**Exercise aim:**
Pictures aside, write out the data exactly as it reads.

▶

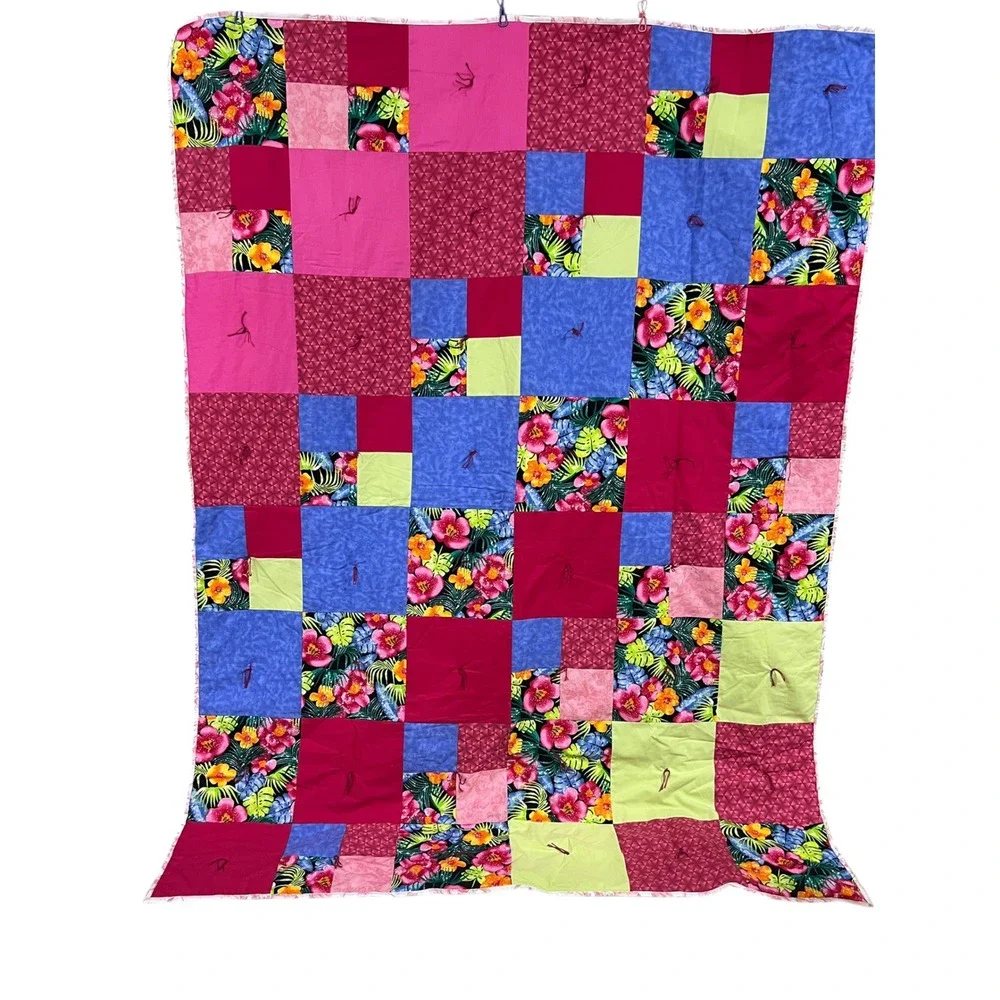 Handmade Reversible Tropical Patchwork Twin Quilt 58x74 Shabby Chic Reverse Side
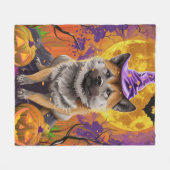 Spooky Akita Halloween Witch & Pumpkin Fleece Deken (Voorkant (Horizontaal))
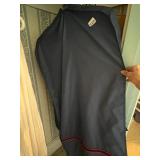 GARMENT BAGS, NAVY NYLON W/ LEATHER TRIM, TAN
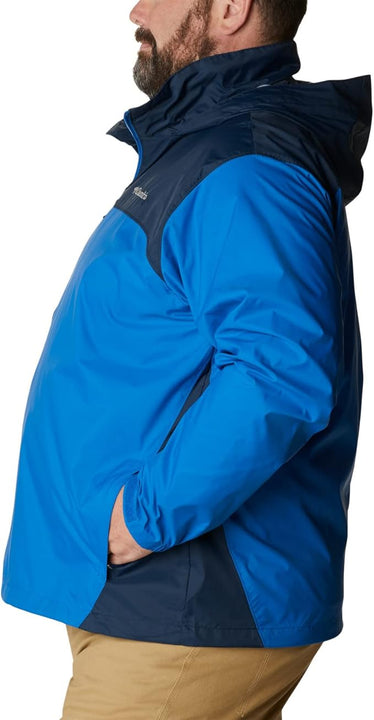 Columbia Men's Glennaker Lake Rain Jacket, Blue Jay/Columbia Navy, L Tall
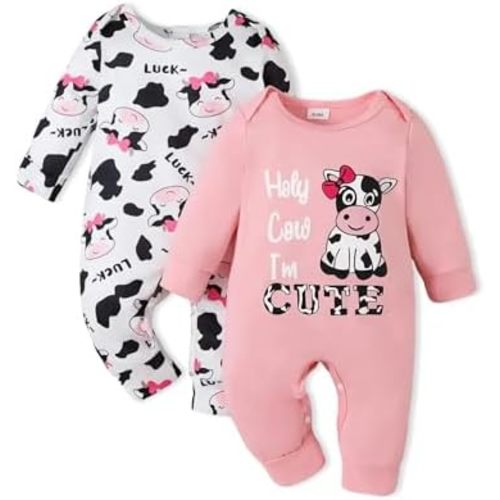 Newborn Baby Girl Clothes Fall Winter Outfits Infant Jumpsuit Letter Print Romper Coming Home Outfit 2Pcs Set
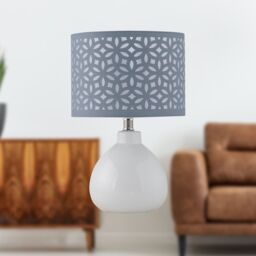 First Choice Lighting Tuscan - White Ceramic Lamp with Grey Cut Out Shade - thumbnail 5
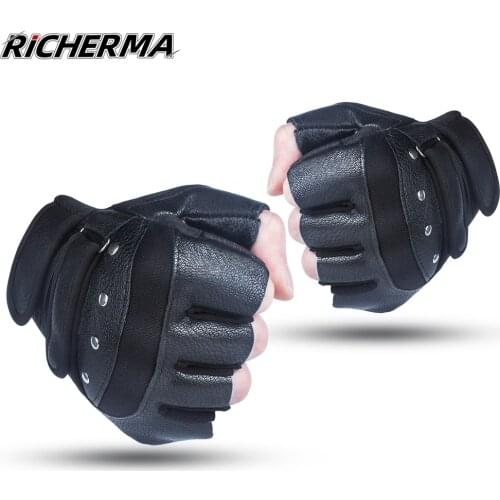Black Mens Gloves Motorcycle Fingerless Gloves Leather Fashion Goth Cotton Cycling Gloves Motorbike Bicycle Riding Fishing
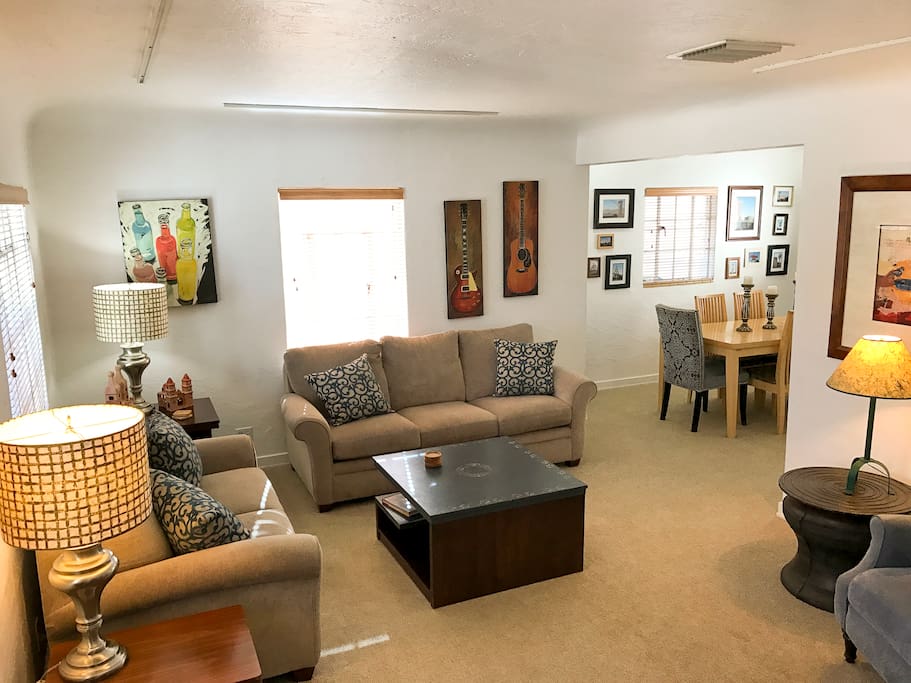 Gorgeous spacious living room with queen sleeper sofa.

◀

**Solution to the problem:**
 Handmade Reversible Tropical Patchwork Twin Quilt 58x74 Shabby Chic Reverse Side
 Spooky Akita Halloween Witch & Pumpkin Fleece Deken (Voorkant (Horizontaal))
 GARMENT BAGS, NAVY NYLON W/ LEATHER TRIM, TAN
 Columbia Men's Glennaker Lake Rain Jacket, Blue Jay/Columbia Navy, L Tall
 Newborn Baby Girl Clothes Fall Winter Outfits Infant Jumpsuit Letter Print Romper Coming Home Outfit 2Pcs Set
 First Choice Lighting Tuscan - White Ceramic Lamp with Grey Cut Out Shade - thumbnail 5
Black Mens Gloves Motorcycle Fingerless Gloves Leather Fashion Goth Cotton Cycling Gloves Motorbike Bicycle Riding Fishing
 Gorgeous spacious living room with queen sleeper sofa.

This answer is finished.